Production values: I realize that this is a studio cast recording and budgets are tight, likely not allowing for a fuller orchestra, and I can tell that the most has been made out of the five piece band assembled. And while I can recognize that somewhere in there is the "snazzy Big Band" sound, the result is not always pleasing to the ear. The horns are particularly grating throughout (when I played this at work my co-workers asked me to put my headphones on, a first).
An all-star cast: I certainly can't quibble with the sound of the cast. Ms. Blickenstaff is a particular asset (as always), and Mr. Moye is more than compelling - both have starred in the show previously. But one can't tell from the rest of the company just how well they handle their roles. Are they being overly dramatic? Are some of the songs meant to be comic relief? Are they playing types? It is hard to tell - well-sung doesn't always mean well-interpreted.

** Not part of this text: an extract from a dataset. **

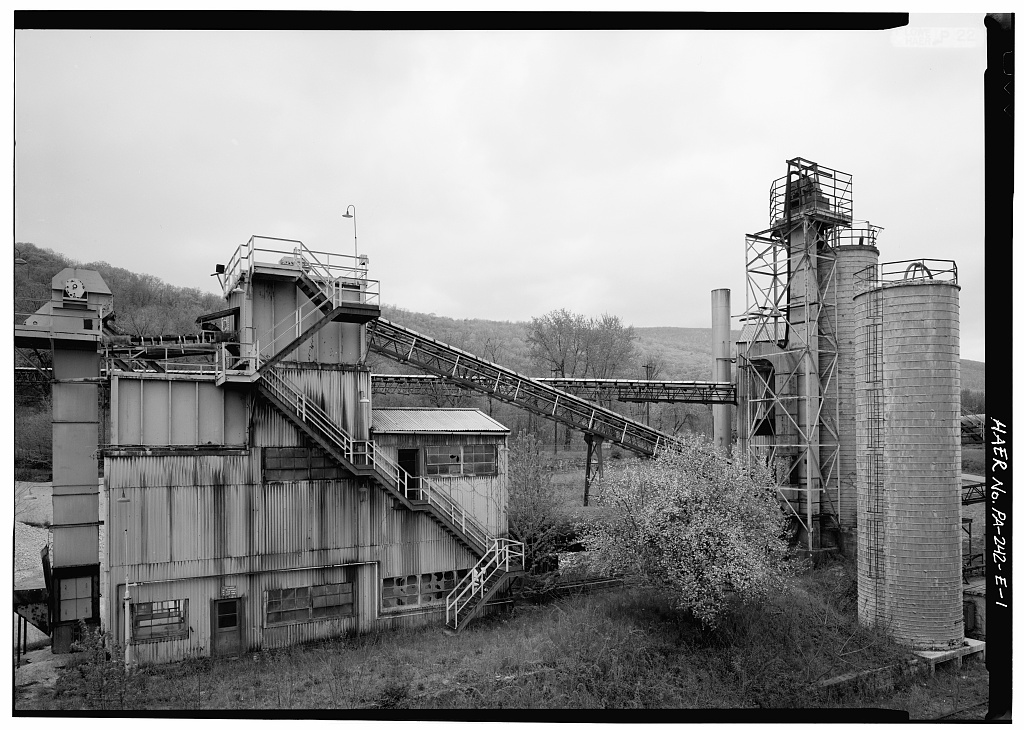 Harbison-Walker rotary dryer and storage silos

|Heidi Blickenstaff and James Moye|
Enthusiastic new composers: The music is the strongest part of this score. It is continuously challenging, mostly period appropriate, and usually interesting. But, as is often the case with newer writers, the piece - after several listenings - seems to suffer from an identity crisis. Yes, there are the "snazzy Big Band" songs, but after a while they all sound the same. There's no real change in tone, even though there are the typical mood/theme setting group numbers, the power ballads, and the conflict-heavy duets. They seem to have gone out of their way to embrace the kind of themes and characterizations so prevalent in the films of the period that this is based on. Everything here is black and white, no pun intended: the brassy gal who wants to succeed in a man's world (Barbara Stanwyck played the lead in the movie), the moralistic good guys, the evil wealthy man in power, and a good guts gotta win conflict. But Gerle and Sugarman cling to these thins a little too tightly, with little (from the lyric alone, anyway) that reveals any universality or any interesting nuances to these characters. I would applaud them, at least, for taking a property and consistently sticking to it. I would, except that the score sometimes veers off into the complexities of the modern American musical. Picture a cross between Sondheim's politics of Assassins, Cy Coleman's brassy City of Angels and the play The Front Page, all with a wannabe LaChiusa bent. I just don't think these guys are up to the task of making all of that gel. Actually, I think it could work - heck, if Marvin Hamlisch couldn't get it totally right with The Sweet Smell of Success, why expect as much from these fresh-faced guys? Like I said...identity crisis.
Colleges and dinner theaters looking for a solid show with political and media-in-crisis themes will find that Meet John Doe might fit their needs nicely. And musical theater fans will want to give this a listen, because I have a feeling the names Andrew Gerle and Eddie Sugarman will be on everyone's list in no time at all. Despite my misgivings about this particular work, I am hopeful for their future!